8. A system for training neural networks, the system comprising:

a neural network training engine configured to generate outputs comprising values of weights for nodes of a neural network; and

an apparatus coupled to the neural network training engine via an application programming interface (API), wherein: the apparatus comprises a controller and a plurality of registers coupled to the controller; and the apparatus is configured to: receive the outputs from the training engine; receive a value of an indicator of each of the weights, wherein the value of the indicator indicates whether the weight is a pruned weight or an unpruned weight; select, from the weights, unpruned weights for pruning; prune the selected unpruned weights; update the value of the indicator of each of the weights according to the pruned weights; and provide the updated value of the indicator of each of the weights to a neural network training engine.

9. The system of claim 8, wherein:

the plurality of registers comprise a register that indicates a pruning mode of a plurality of pruning modes;

the plurality of pruning modes include an incremental pruning mode; and

a fraction of the pruned weights increases with neural network training.

10. The system of claim 8, wherein to prune the selected unpruned weights, the apparatus is configured to set the values of the selected unpruned weights to zero.

11. The system of claim 8, wherein:

the plurality of registers comprise a register that stores a value of a number of unpruned weights and a register that stores a value for selecting weights for pruning; and

the value for selecting weights for pruning corresponds to a fraction of the number of unpruned weights.

12. The system of claim 11, wherein the API is configured to determine the value for selecting weights for pruning by multiplying the value of the number of unpruned weights and a value based on a target sparsity value.

13. The system of claim 8, wherein the plurality of registers comprise a register that stores a value for selecting inputs from the outputs of the training engine.

14. The system of claim 8, wherein the plurality of registers comprise a register that stores criteria for pruning the weights.
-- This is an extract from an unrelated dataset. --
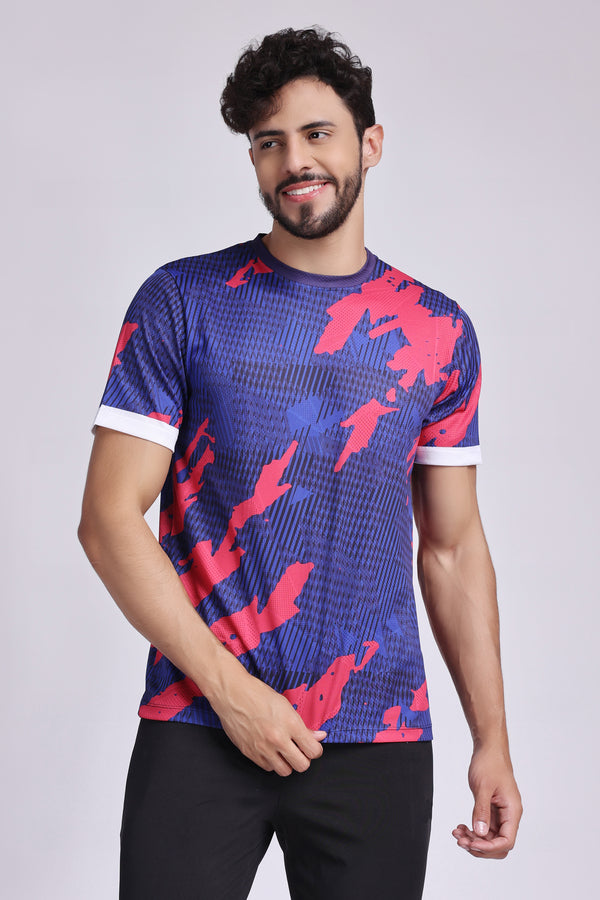 Men's Azurite Badminton Tee - Purple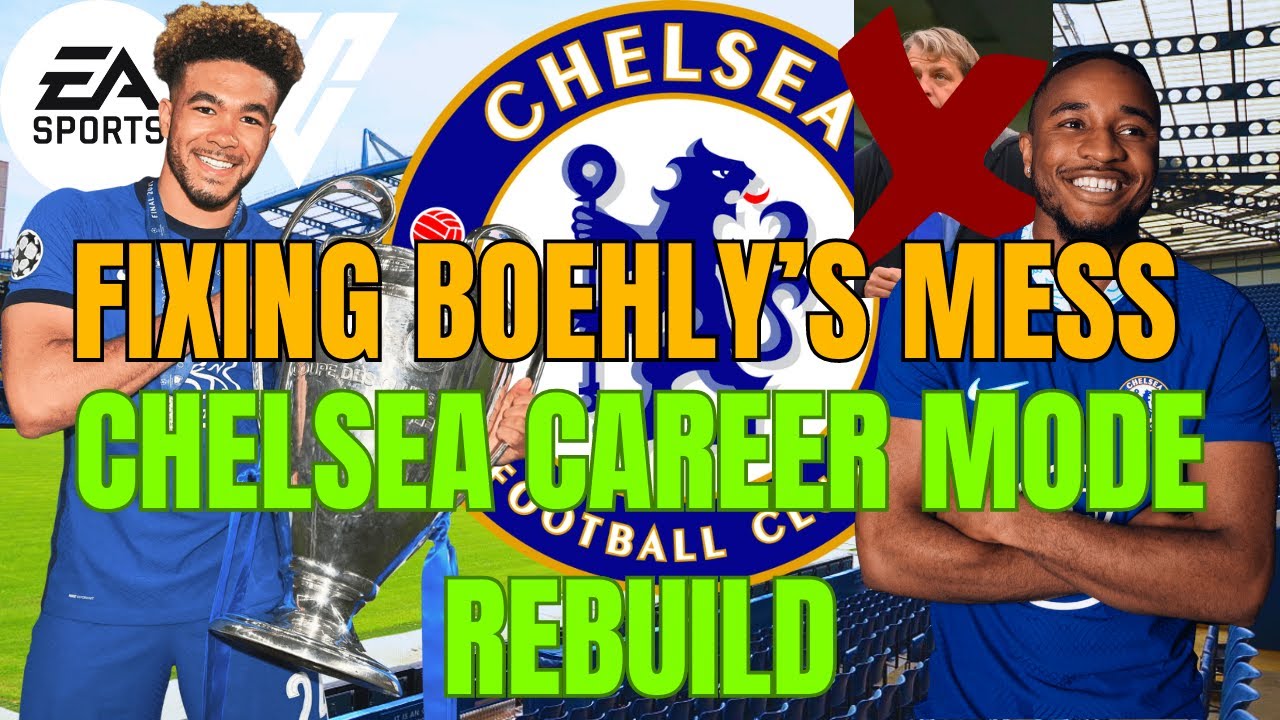 (ASMR) Making Chelsea Great Again! Rebuilding Chelsea In EA FC 24 Career Mode!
15. The system of claim 8, wherein the API is configured to write values to the plurality of registers.

16. An apparatus for training neural networks, the apparatus comprising:

a controller; and

a plurality of registers coupled to the controller;

wherein the apparatus is configured to perform operations comprising: receiving inputs from a neural network training engine, the inputs comprising (i) values of weights for nodes of a neural network and (ii) values of an indicator of each of the weights, wherein the value of the indicator indicates whether the weight is a pruned weight or an unpruned weight; outputting criteria of weights for unpruned weights; computing a value of a pruning threshold based on the outputted criteria; and updating the values of the indicator of each of the weights; updating values used by the neural network training engine based on the updated values of the indicator of each of the weights.

17. The apparatus of claim 16, wherein:

the plurality of registers comprise a register that indicates a pruning mode of a plurality of pruning modes;

the plurality of pruning modes include an incremental pruning mode; and

a fraction of the pruned weights increases with neural network training.

18. The apparatus of claim 16, wherein:

the plurality of registers comprise a register that stores a value of a number of unpruned weights and a register that stores a value for selecting weights for pruning;

the value for selecting weights for pruning corresponds to a fraction of the number of unpruned weights; and

the apparatus is configured to compare the criteria of weights for unpruned weights and the pruning threshold to select weights for pruning and update the values of the indicator of each of the weights accordingly.

19. The apparatus of claim 16, wherein the plurality of registers comprise a register that stores a value for selecting the inputs.

20. The apparatus of claim 16, wherein the plurality of registers comprise a register that stores criteria for pruning the weights.